Dear all,
when compiling parallel hdf5 I get the the following strange error:
make[2]: Entering directory `/usr/bmp/chaste_libs_mvapich/hdf5-1.8.11/src'
LD_LIBRARY_PATH="$LD_LIBRARY_PATH`echo | \
sed -e 's/-L/:/g' -e 's/ //g'`" \
./H5make_libsettings > H5lib_settings.c || \
(test $HDF5_Make_Ignore && echo "*** Error ignored") || \
(rm -f H5lib_settings.c ; exit 1)
/bin/sh: line 4: 78738 Segmentation fault LD_LIBRARY_PATH="$LD_LIBRARY_PATH`echo | sed -e 's/-L/:/g' -e 's/ //g'`" ./H5make_libsettings > H5lib_settings.c
There is one previous post on this list mentioning this problem, did a solution come up in the meantime ?
Thanks in advance,
tariq
Hi Tariq,
Yes this has come up previously.. First if you are cross-compiling, you need to set RUNSERIAL and RUNPARALLEL to whatever you use to launch mpi programs on your systems.
Below is the reply from a user who reported this problem and investigated with a Linux expert to try and figure out what is going on. In short, setting the RTLD_DEEPBIND environment variable to 0 resolved his segfault with mvapich.
Thanks,
Mohamad
···
If you set the environment variable RTLD_DEEPBIND to 0 then the
segfault disappears. I'm trying to better understand this, but works
by altering the behaviour of glibc when loading NSS modules. The
symbol resolution order seems to change with it set (for the better in
this case).
I think I've figured out who is in the "wrong here". This is a result
of a patch SuSE applied to glibc to dlopen NSS libraries with the
RTLD_DEEPBIND flag which puts the symbols inside the library ahead of
the global scope.

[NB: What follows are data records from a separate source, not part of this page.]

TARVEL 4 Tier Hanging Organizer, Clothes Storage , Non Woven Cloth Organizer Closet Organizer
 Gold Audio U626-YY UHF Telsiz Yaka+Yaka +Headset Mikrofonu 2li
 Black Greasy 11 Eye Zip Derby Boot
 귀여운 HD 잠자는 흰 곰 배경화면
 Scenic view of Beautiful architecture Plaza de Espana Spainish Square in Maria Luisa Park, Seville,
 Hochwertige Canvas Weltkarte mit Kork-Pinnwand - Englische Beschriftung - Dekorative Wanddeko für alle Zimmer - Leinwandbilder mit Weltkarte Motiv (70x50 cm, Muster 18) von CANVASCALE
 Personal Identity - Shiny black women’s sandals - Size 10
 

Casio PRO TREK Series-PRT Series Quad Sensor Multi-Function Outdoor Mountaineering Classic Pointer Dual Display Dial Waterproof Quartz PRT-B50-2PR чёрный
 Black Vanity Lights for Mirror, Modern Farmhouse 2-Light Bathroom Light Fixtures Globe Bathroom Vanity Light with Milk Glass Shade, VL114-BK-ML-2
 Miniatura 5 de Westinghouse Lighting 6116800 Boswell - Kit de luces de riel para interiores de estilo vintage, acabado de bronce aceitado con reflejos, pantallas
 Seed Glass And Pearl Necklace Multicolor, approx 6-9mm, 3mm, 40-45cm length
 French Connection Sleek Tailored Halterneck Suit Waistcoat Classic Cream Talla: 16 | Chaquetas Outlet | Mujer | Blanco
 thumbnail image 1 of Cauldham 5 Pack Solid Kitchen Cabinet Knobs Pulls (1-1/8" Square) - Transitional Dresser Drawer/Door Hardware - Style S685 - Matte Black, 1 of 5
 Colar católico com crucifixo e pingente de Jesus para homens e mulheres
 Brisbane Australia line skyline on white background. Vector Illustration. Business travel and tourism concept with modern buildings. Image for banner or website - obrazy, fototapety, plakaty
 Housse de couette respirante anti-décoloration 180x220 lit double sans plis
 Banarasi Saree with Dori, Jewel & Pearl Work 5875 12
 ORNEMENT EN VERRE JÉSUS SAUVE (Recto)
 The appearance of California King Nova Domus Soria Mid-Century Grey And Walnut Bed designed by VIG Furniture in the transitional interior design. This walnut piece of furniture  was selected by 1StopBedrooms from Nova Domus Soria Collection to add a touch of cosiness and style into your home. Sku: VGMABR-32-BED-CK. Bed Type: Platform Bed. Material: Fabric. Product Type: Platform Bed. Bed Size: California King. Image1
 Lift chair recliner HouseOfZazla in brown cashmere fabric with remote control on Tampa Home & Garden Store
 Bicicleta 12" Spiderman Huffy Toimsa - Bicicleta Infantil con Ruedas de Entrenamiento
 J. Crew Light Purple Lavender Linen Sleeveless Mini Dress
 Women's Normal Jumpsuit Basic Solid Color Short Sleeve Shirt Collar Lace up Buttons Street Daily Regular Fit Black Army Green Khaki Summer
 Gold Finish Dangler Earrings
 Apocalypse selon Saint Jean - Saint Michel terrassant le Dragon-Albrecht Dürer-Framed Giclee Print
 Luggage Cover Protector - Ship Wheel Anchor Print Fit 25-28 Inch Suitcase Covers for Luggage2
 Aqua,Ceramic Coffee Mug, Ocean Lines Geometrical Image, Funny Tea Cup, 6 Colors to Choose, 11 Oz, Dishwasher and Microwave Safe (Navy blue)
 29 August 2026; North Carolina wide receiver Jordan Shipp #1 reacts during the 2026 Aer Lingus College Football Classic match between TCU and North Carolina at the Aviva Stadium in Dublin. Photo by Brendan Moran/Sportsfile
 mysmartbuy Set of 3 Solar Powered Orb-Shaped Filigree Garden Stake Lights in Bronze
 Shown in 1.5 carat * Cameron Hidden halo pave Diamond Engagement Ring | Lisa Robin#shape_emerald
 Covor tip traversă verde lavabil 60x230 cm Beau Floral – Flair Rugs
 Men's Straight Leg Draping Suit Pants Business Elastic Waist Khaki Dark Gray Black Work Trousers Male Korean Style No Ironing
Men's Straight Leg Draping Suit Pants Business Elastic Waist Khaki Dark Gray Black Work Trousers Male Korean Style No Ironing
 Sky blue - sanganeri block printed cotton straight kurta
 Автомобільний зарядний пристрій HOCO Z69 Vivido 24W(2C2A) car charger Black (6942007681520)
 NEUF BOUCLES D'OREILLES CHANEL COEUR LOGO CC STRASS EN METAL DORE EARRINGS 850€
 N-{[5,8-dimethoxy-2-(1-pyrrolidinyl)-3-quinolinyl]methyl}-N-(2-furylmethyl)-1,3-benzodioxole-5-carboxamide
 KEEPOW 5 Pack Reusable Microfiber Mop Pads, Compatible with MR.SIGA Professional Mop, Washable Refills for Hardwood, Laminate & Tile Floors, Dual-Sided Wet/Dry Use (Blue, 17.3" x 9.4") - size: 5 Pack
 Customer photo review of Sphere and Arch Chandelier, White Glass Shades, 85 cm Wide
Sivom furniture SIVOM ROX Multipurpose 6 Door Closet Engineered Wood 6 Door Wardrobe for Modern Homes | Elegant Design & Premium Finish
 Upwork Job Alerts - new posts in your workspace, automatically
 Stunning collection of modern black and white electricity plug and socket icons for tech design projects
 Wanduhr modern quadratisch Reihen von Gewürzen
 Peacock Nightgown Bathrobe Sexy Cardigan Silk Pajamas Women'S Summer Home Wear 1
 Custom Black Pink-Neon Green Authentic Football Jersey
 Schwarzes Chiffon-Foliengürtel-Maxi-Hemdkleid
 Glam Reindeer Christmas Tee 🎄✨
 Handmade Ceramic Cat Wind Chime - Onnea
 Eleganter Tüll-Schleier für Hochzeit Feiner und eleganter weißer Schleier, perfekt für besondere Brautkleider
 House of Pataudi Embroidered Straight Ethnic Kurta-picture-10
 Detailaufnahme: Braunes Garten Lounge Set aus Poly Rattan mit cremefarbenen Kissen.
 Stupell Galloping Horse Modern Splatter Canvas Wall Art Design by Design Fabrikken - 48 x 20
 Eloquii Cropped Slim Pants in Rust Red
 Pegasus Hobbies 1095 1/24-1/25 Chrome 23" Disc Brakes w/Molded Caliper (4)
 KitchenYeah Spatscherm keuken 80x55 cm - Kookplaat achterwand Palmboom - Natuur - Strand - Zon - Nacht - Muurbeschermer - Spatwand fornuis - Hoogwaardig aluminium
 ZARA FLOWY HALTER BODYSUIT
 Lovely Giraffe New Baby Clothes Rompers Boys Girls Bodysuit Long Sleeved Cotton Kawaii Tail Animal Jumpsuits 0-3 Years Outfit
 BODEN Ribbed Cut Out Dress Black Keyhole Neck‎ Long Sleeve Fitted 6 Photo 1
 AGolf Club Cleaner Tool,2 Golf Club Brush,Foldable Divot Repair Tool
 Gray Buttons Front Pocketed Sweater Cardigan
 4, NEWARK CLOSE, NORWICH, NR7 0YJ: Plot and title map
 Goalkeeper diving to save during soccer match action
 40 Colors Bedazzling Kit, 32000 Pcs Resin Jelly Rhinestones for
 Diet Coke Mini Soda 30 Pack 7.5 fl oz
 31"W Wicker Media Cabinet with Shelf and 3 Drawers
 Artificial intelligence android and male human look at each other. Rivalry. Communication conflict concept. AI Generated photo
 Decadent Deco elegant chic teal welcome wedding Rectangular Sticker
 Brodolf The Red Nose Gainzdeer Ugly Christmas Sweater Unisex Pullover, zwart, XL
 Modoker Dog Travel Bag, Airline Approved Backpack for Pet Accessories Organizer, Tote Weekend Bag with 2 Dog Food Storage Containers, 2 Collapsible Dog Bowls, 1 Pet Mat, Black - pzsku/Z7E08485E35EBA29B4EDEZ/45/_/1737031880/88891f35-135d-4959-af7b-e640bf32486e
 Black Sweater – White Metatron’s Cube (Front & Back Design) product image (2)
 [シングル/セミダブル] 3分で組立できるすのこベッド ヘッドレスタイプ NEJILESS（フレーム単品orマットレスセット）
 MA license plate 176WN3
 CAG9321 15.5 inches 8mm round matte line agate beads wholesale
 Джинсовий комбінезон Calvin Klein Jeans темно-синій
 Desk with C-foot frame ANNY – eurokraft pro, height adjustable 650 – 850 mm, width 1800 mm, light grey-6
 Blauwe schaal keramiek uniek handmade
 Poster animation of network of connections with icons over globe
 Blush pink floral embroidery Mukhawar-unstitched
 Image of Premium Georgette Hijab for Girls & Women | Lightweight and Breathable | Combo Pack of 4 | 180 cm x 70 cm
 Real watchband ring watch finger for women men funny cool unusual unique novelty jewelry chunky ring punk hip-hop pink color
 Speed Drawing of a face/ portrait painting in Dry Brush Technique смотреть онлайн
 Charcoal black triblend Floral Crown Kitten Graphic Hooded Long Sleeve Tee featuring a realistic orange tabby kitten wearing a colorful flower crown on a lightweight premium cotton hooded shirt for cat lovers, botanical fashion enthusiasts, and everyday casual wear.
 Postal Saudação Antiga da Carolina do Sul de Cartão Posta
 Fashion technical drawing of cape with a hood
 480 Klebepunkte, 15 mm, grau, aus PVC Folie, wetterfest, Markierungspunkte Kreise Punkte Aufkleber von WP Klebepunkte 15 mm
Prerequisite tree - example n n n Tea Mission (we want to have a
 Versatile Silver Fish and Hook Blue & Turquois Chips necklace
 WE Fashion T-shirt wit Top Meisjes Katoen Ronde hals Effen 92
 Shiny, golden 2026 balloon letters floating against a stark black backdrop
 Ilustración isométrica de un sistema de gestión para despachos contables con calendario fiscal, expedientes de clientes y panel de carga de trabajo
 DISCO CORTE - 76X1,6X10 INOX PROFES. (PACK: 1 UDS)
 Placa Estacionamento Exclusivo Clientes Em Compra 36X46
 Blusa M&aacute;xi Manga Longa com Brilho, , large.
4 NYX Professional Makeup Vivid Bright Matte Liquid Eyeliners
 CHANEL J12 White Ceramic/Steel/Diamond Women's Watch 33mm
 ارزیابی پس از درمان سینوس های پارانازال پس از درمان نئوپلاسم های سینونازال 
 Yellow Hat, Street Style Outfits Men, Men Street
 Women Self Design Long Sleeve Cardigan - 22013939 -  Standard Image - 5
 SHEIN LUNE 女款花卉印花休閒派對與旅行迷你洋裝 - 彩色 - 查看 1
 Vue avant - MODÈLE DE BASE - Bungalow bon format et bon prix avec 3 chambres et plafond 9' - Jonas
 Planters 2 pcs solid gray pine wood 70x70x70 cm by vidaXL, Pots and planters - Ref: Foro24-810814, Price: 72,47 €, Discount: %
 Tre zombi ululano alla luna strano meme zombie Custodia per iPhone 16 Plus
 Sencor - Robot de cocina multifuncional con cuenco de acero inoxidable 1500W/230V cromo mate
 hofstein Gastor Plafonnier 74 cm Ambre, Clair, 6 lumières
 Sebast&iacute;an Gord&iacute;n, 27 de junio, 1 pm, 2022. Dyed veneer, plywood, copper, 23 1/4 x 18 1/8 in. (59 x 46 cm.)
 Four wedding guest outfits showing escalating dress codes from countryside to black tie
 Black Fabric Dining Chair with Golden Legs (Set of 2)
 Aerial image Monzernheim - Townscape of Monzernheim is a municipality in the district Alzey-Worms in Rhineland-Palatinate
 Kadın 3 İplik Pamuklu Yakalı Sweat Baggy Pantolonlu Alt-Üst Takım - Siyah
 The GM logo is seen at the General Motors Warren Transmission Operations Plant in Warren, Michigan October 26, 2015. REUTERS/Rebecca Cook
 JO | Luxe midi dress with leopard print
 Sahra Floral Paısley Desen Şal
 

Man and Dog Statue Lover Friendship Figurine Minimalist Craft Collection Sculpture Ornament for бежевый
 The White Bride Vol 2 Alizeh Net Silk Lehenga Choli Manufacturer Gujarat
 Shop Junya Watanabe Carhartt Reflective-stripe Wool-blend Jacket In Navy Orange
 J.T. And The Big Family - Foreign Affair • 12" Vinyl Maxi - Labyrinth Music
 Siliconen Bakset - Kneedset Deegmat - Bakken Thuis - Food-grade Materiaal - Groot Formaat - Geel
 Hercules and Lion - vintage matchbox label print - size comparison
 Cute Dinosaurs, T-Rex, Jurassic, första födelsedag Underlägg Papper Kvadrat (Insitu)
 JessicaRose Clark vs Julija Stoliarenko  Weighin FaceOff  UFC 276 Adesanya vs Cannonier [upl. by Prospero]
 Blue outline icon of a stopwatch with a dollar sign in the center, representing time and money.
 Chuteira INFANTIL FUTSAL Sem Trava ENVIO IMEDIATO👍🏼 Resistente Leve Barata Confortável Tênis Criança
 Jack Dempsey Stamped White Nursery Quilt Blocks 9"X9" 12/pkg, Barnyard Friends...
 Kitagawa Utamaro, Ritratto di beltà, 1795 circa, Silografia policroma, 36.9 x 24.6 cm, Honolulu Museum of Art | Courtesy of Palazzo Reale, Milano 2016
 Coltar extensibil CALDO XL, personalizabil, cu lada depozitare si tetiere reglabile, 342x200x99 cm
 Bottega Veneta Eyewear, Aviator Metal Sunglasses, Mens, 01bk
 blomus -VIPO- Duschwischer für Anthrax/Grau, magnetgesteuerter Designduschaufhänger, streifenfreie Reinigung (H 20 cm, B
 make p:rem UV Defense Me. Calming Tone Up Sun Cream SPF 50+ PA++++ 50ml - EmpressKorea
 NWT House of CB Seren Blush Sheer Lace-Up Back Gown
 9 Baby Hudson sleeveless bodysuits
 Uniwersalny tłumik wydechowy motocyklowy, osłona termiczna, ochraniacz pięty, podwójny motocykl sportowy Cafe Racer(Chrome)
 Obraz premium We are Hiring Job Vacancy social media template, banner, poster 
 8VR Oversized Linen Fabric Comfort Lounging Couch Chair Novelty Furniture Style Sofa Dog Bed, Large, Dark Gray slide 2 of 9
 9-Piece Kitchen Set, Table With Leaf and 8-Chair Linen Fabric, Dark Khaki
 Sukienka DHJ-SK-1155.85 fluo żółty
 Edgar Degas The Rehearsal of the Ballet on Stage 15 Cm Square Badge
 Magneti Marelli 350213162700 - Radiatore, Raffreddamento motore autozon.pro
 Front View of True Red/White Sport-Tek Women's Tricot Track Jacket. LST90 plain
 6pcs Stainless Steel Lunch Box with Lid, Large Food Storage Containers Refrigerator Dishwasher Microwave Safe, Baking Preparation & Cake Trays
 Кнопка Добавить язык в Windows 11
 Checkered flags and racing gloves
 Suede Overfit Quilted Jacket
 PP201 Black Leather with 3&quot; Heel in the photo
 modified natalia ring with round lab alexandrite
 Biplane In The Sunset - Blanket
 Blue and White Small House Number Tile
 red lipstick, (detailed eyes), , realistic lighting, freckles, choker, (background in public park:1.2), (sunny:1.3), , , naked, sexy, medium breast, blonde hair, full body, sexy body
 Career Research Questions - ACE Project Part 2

This results in the behaviour we saw earlier where
the
free() called by the dlopen'd libnss_sss was resolved to the glibc lib
required by libnss_sss instead of the global scope which resolved and
bound free() to mvapich2's libmpi.
The environment variable I found works by disabling this behaviour and
making it the glibc default, where symbols in dlopen()'d libraries
aren't put ahead of the global scope.
SuSE has a legitimate reason for their patch, but the solution to this
issue is to set the RTLD_DEEPBIND environment variable to "0" to
resolve the segfaults.
From: Hdf-forum [mailto:hdf-forum-bounces@lists.hdfgroup.org] On Behalf Of Baig, Tariq
Sent: Friday, June 12, 2015 8:52 AM
To: hdf-forum@lists.hdfgroup.org
Subject: [Hdf-forum] secfault when building with mvapich2-1.9a2
Dear all,
when compiling parallel hdf5 I get the the following strange error:
make[2]: Entering directory `/usr/bmp/chaste_libs_mvapich/hdf5-1.8.11/src'
LD_LIBRARY_PATH="$LD_LIBRARY_PATH`echo | \
sed -e 's/-L/:/g' -e 's/ //g'`" \
./H5make_libsettings > H5lib_settings.c || \
(test $HDF5_Make_Ignore && echo "*** Error ignored") || \
(rm -f H5lib_settings.c ; exit 1)
/bin/sh: line 4: 78738 Segmentation fault LD_LIBRARY_PATH="$LD_LIBRARY_PATH`echo | sed -e 's/-L/:/g' -e 's/ //g'`" ./H5make_libsettings > H5lib_settings.c
There is one previous post on this list mentioning this problem, did a solution come up in the meantime ?
Thanks in advance,
tariq